RBA Minutes And Housing

The RBA released their minutes today. Whilst there is mention of housing, there is not definitive evidence in the minutes to explain the RBA’s recent shift in sentiment as contained in the recent Financial Stability Report.

Indicators of household consumption had been a little weaker than expected in early 2017. The value of retail sales had fallen slightly in February, following average growth in January, and households’ perceptions of their personal finances had declined to below-average levels. Retail price inflation had remained subdued, partly because competition had remained strong across the retail sector. Members noted that utilities prices were expected to put some upward pressure on retail costs, but that retail rents had been flat – or rising very marginally at most – across the major cities.

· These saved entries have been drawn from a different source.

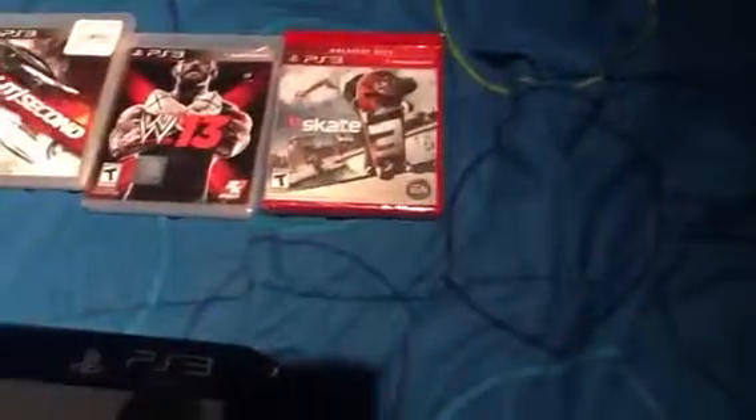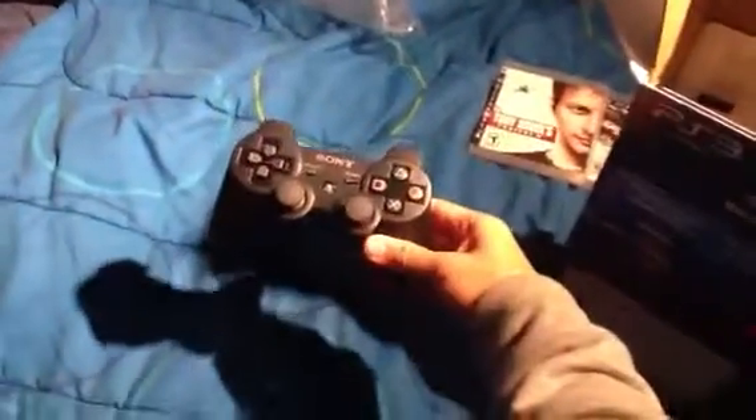Let me set a distance to PS3 and I'm going to open it up. So right now we have the game controller — just a black wireless remote controller.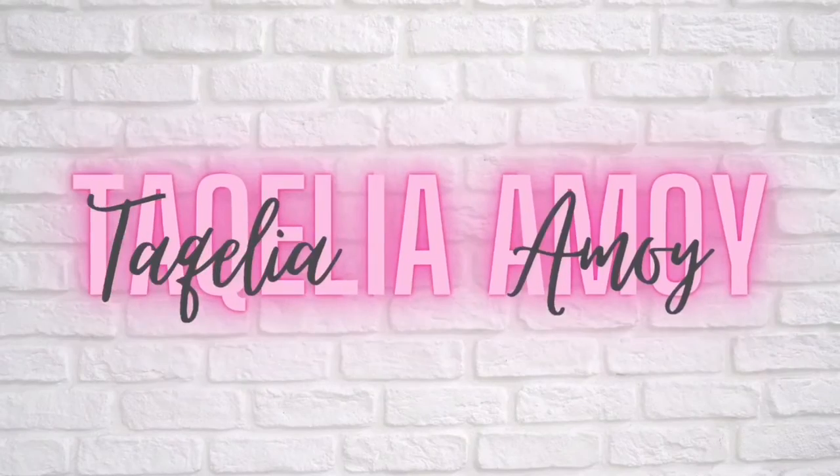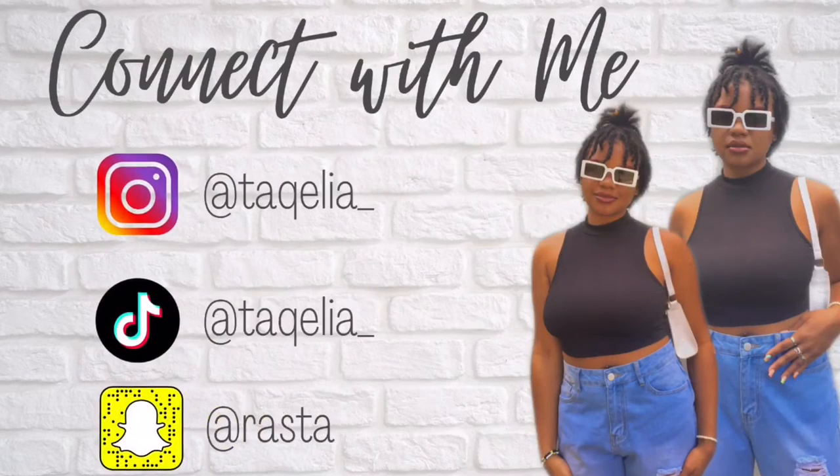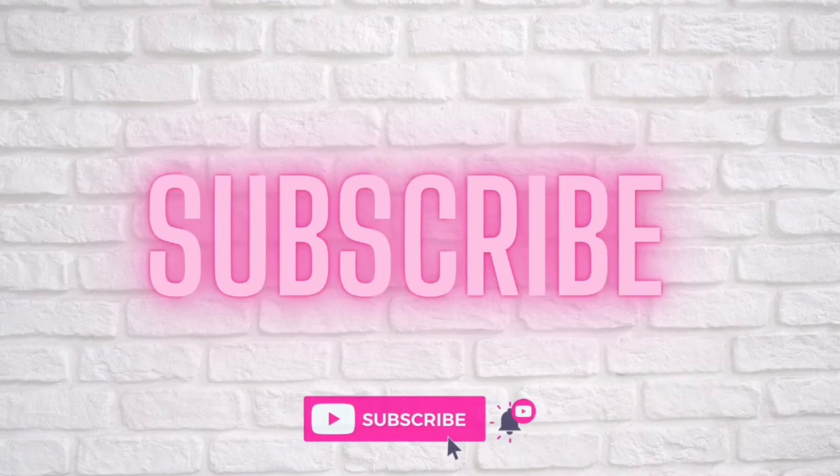Hey guys, welcome, or welcome back to my channel. If you're new here, my name is Tekele Amoe. Please be sure to subscribe and join the family. In today's video I'm going to be reviewing a wine aerator pourer.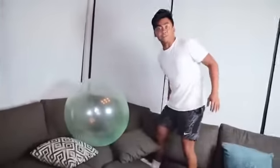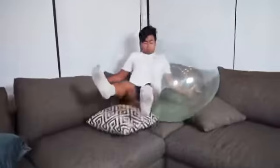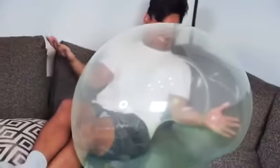All right, let's test how durable this thing is - I'm gonna jump on it. Three, two, one... What the heck! All the air just transferred to the other side. Wow, all right let's do that again!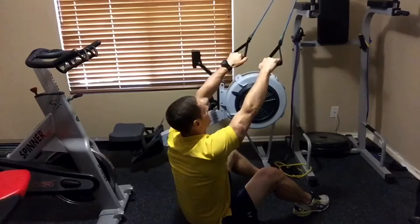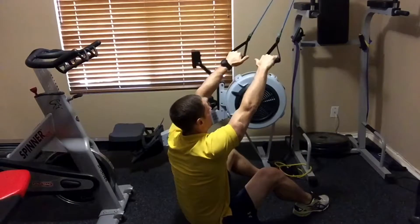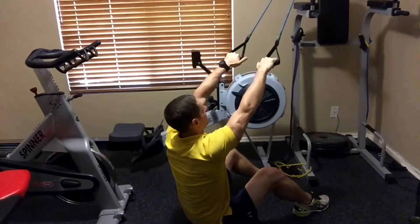To perform a proper lat pull with a band, mount it at a high angle above your head. You're going to keep your palms forward, sit upright, chest out.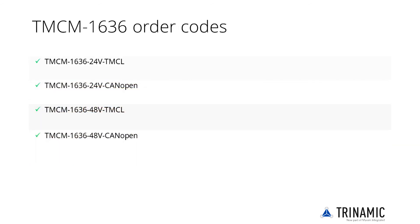The TMCM1636 is offered as a 24V and 48V version with either CANopen or TMCL firmware. Different driver stages are available and customizations of the firmware and hardware are possible.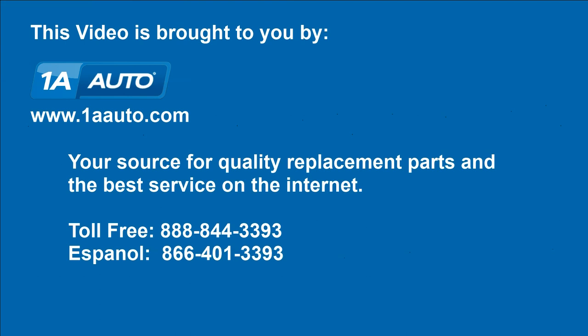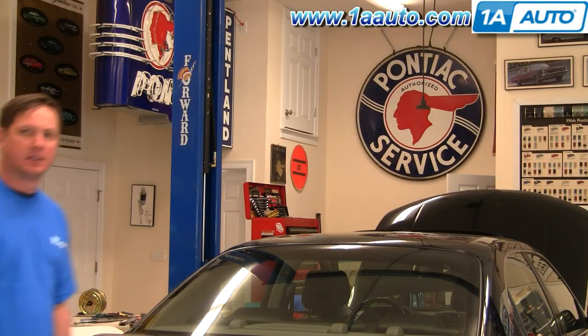Brought to you by 1AAuto.com, your source for quality replacement parts and the best service on the internet. Hi, I'm Don from 1A Auto. I hope this how-to video helps you out. The next time you need a part for your vehicle, think of 1AAuto.com.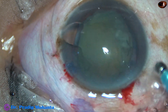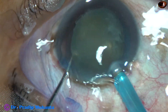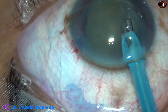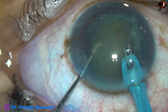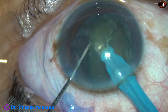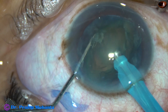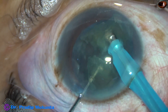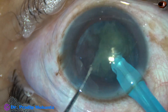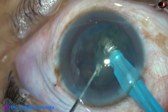The phaco handpiece is introduced and several blows are applied on the supracapsular portion — 5 blows in total — and a portion is removed. The rest of the nucleus is managed in this way.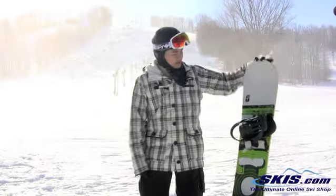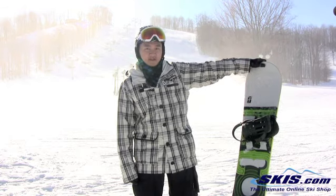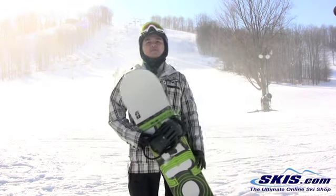What's up, Leo here. Just got the 2013 Forum Recon in a 156. I'm going to give this board a 4 out of 5 stars.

Conditions in the established housing market had continued to vary significantly by region. Housing price growth had been strongest in detached housing markets in Sydney and Melbourne and some indicators for the established housing markets in these cities had picked up in the preceding couple of months. In contrast, housing market conditions in Perth had remained weak, although there were signs that prices there may be stabilising. Vacancy rates had been increasing, particularly in Perth. Strong growth in the supply of new apartments was continuing to drive a wedge between price growth for apartments and detached houses in Melbourne and Brisbane. Private residential building approvals had rebounded in February; the large pipeline of work to be done was expected to support dwelling investment over the subsequent year or two.

Growth in housing credit to owner-occupiers had moderated slightly over the preceding six months, while growth in housing credit to investors had increased, although investor loan approvals had declined in February. Most of the increase in lending to investors had occurred in New South Wales and Victoria, which was consistent with the pattern of housing market activity. Members observed that the growth of housing credit to investors had initially moderated in response to the announcement by the Australian Prudential Regulation Authority (APRA) of a 10 per cent benchmark for investor credit growth in late 2014. In addition, the share of lending with high loan-to-valuation ratios had fallen. However, growth in investor credit had increased steadily since early 2016, despite the fact that banks had tightened lending standards and, on average, increased the margin between interest rates on investor housing loans and those on loans to owner-occupiers.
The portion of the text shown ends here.